The Pan-Africanist dream of freedom as expressed in South African political writings and literature from the 1940s to 1970s is the focus of the final chapter. The Pan-Africanist dreams expressed in political discourse that are discussed include: the ANC Youth League’s Manifesto (1944); the ANC’s Programme of Action (1949); the political writings of Muziwakhe Anton Lembede, A. P. Mda and Robert Mangaliso Sobukwe; the PAC’s Manifesto of the Africanist Movement (1959); and the articles and reviews in PAC publications like The Africanist and Mafube.

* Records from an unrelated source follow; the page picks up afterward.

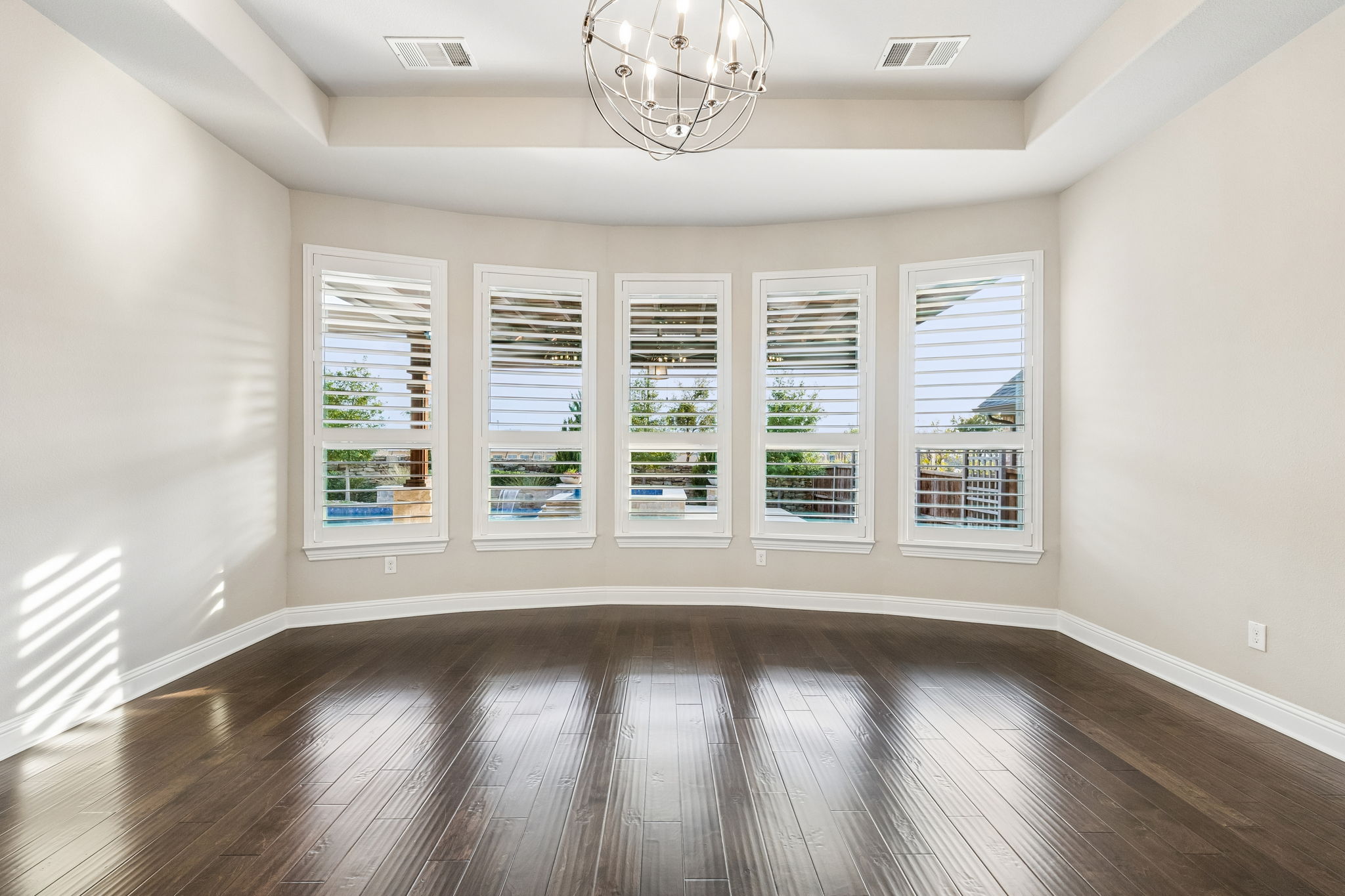 A bowed wall of plantation-shuttered windows fills the primary suite with natural light while capturing views toward the backyard and pool.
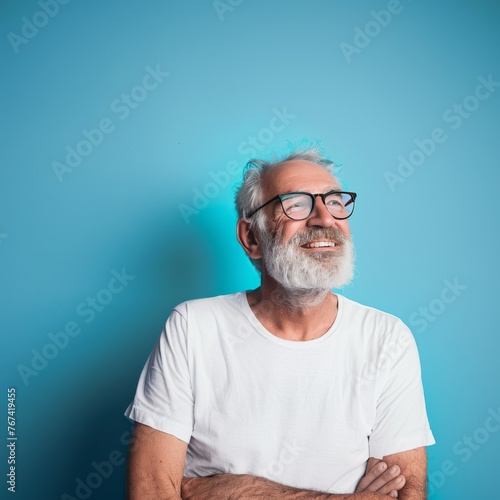 Prime Adult Male Embracing with Copy Space - Isolated on Blue Background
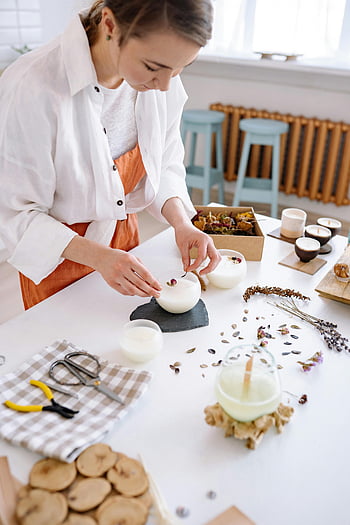 woman making candles, artisan candles, dried flowers, workshop setting, crafting candles, candle making, handmade candles, workshop table, candle workshop, candle crafting, dried flower candles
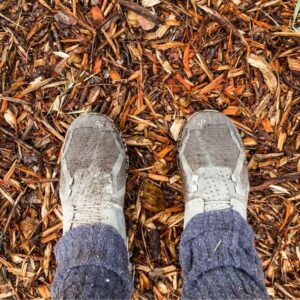 A pair of feet wearing green shoes standing on wood mulch.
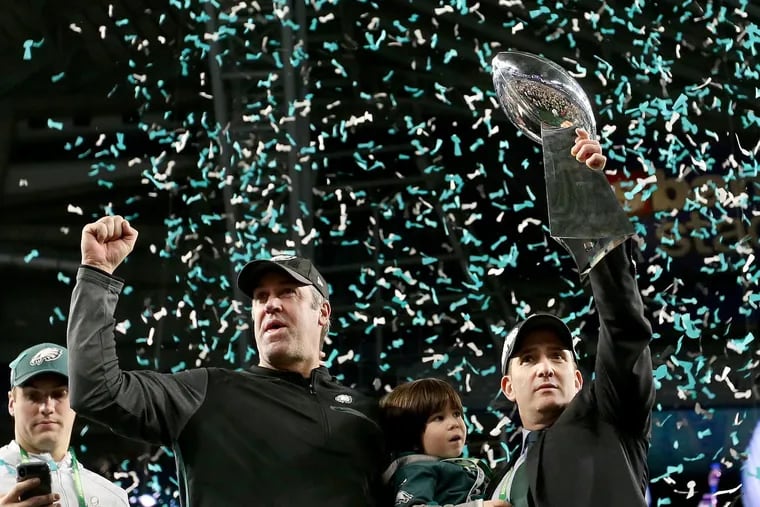 Eagles head coach Doug Pederson pumps his fist as top executive Howie Roseman holds up the Lombardi trophy in Minnesota on Feb. 4.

Pan-Africanist dreams of freedom expressed in literary terms are discussed in sections on Lembede’s thoughts on individual literary works; Mda’s prescriptions for literature; Sobukwe’s wide reading and eclectic literary tastes; Melikhaya Mbutumu’s praise poems; novels hostile to the PAC by Peter Abrahams, Richard Rive and Alex la Guma; and novels sympathetic to the PAC by Lauretta Ngcobo and Bessie Head. The popularity within the PAC of Howard Fast’s novels My Glorious Brothers (1948) and Spartacus (1951) is also assessed.


Author(s):  
David Johnson

The alternative South African Marxist tradition derived from Trotsky’s critique of Stalinism and centred in the NEUM from the 1940s to 1960s is the focus of analysis. The South African adaptations of Trotsky’s fusion of critique and utopia in political discourse that are examined include: the writings of I. B. Tabata, Ben Kies, Goolam Gool and Baruch Hirson; the NEUM’s Ten-Point Programme of 1943; and the political journalism in publications loosely affiliated to the NEUM and the New Era Fellowship like Torch, The Bulletin and Discussion. The literary culture associated with the NEUM is discussed both by tracing the influence of the ideas of Marx, Trotsky and Brecht on South Africa’s counter-public sphere, and by analysing the literary-cultural writings of Dora Taylor (her poems, short stories, novels and book reviews); A. C. Jordan’s literary criticism and animal fables; Ben Kies’s newspaper columns; Neville Alexander’s letters; Livingstone Mqotsi’s novel House of Bondage (1990); and the widespread use of literary quotations in political speeches by NEUM leaders, including Tabata, Kies, Leo Sihlali and Goolam Gool.